PROBLEM TO SOLVE
A verbatim copy of the full data, with no pictures, is the expected answer.

AVAILABLE RECORDS
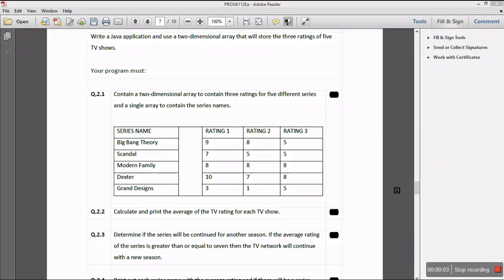Welcome back to my channel. In this video I'll be solving the following question: write a Java application and use a two-dimensional array that will store three ratings of five TV shows. The problem must contain a two-dimensional array to hold three ratings for five different series, and a single array to contain the series names. We should calculate and print the average TV rating for each TV show.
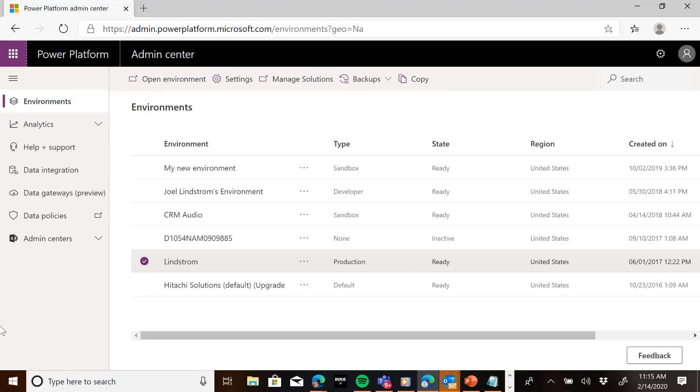The first thing that you need to know is how to get the Wave 1 of 2020 for the Power Platform in your environment.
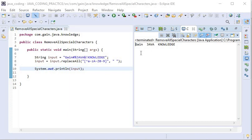So here you can see the output: 'Gain Java Knowledge' without any special characters. Okay, thanks for watching this video. Thank you.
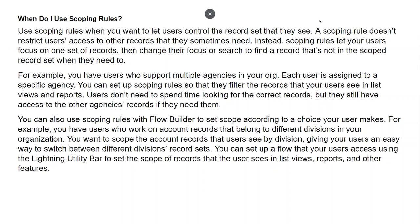For example, if you have users who support multiple agencies in your org and each user is assigned to a specific agency, you can set up scoping rules so that they filter the records your users see in list views and reports. Users don't need to spend time looking for their correct records, but they still have access to other agencies' records if they need to.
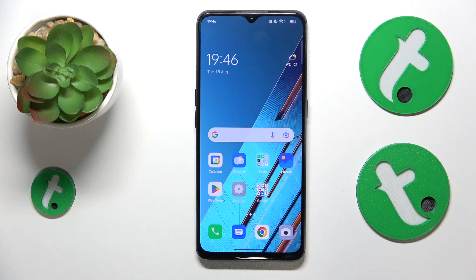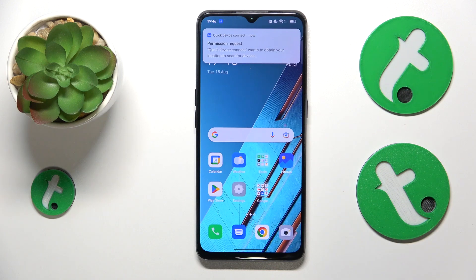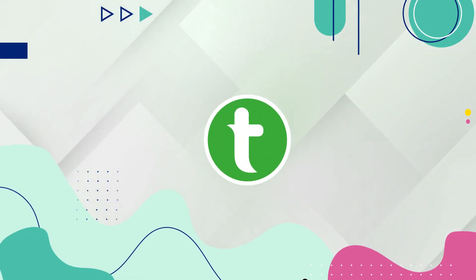Welcome to the Tutorial Info YouTube channel. In this video I will show how you can turn on the mobile data saver feature on this OPPO Find X2 Lite.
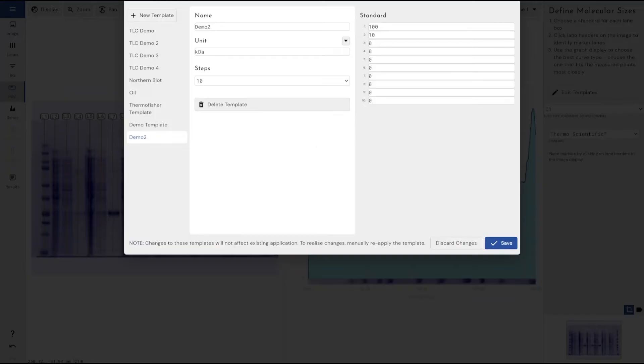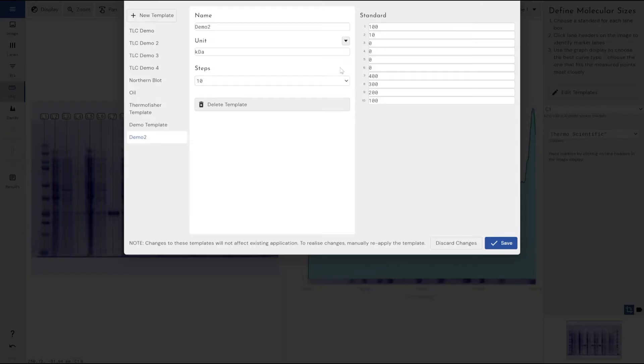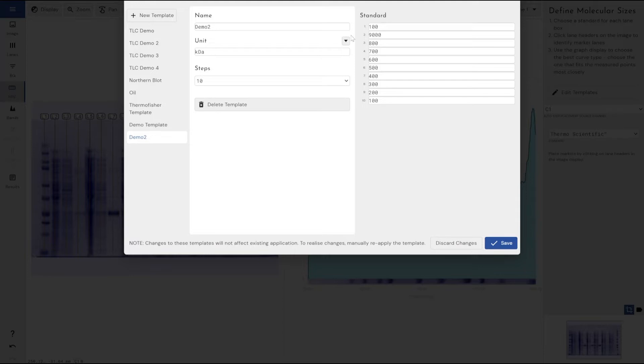Say if I had 10, I'll just go for a really easy 100, 200, 300, so this would obviously be in kilodaltons because I've got my unit set to kilodaltons over on the side there. 600, 700, 800, 900, and 1000.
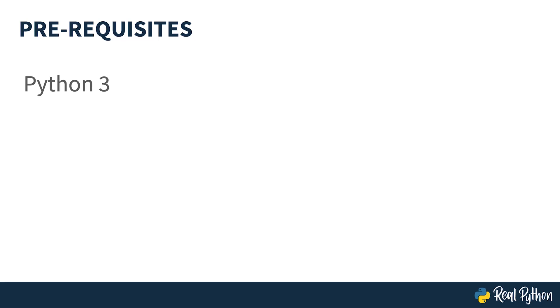As Turtle is built into Python, there are only a couple of things that you'll need. Firstly, Python. This may seem somewhat obvious, but you'll need Python 3 installed on your computer to follow along.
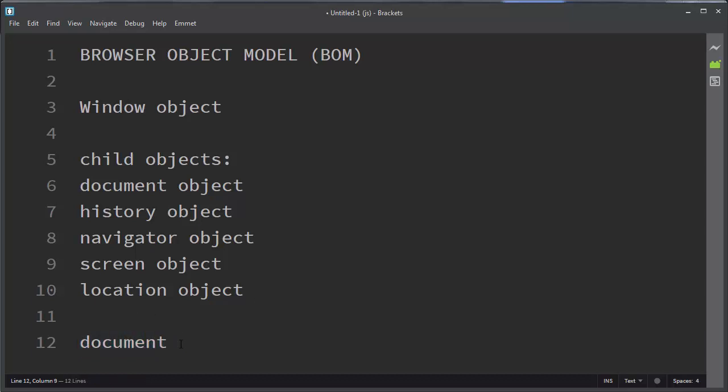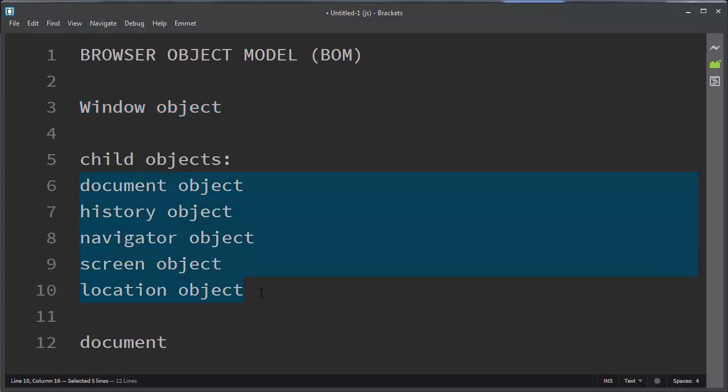So if we want to work with a window or a tab, we need to work with browser object model. Its default object is window object and its child objects are here.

FINAL ANSWER
Welcome back to my channel. In this video I'll be solving the following question: write a Java application and use a two-dimensional array that will store three ratings of five TV shows. The problem must contain a two-dimensional array to hold three ratings for five different series, and a single array to contain the series names. We should calculate and print the average TV rating for each TV show.
The first thing that you need to know is how to get the Wave 1 of 2020 for the Power Platform in your environment.
So here you can see the output: 'Gain Java Knowledge' without any special characters. Okay, thanks for watching this video. Thank you.
For example, if you have users who support multiple agencies in your org and each user is assigned to a specific agency, you can set up scoping rules so that they filter the records your users see in list views and reports. Users don't need to spend time looking for their correct records, but they still have access to other agencies' records if they need to.
Welcome to the Tutorial Info YouTube channel. In this video I will show how you can turn on the mobile data saver feature on this OPPO Find X2 Lite.
Say if I had 10, I'll just go for a really easy 100, 200, 300, so this would obviously be in kilodaltons because I've got my unit set to kilodaltons over on the side there. 600, 700, 800, 900, and 1000.
As Turtle is built into Python, there are only a couple of things that you'll need. Firstly, Python. This may seem somewhat obvious, but you'll need Python 3 installed on your computer to follow along.
So if we want to work with a window or a tab, we need to work with browser object model. Its default object is window object and its child objects are here.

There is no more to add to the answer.